▸ Data block
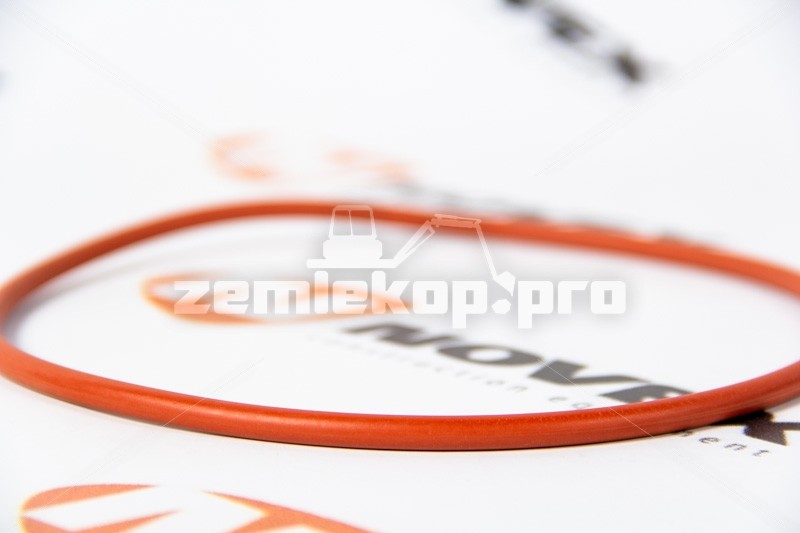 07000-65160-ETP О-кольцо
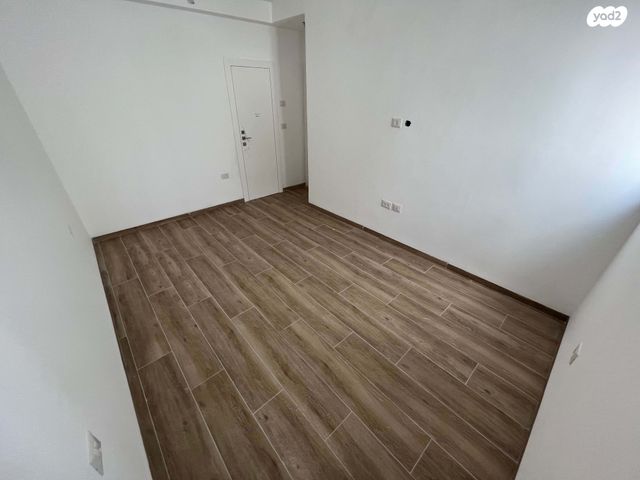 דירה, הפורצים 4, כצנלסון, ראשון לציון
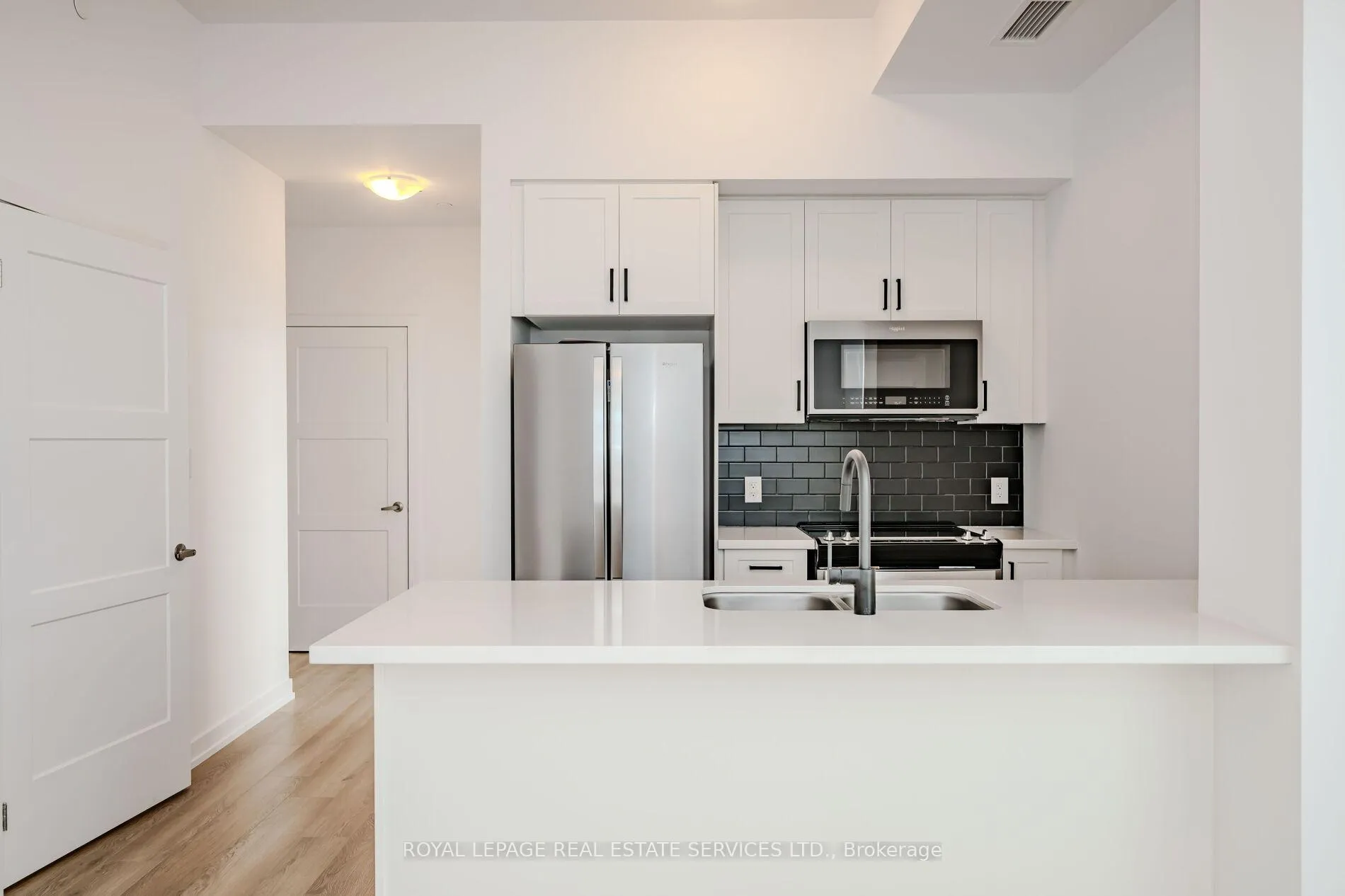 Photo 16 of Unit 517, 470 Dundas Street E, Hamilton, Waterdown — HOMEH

▸ Exercise directions
Your response should reproduce the entire listing verbatim, minus the pictures.

▸ Response area
 07000-65160-ETP О-кольцо
 דירה, הפורצים 4, כצנלסון, ראשון לציון
 Photo 16 of Unit 517, 470 Dundas Street E, Hamilton, Waterdown — HOMEH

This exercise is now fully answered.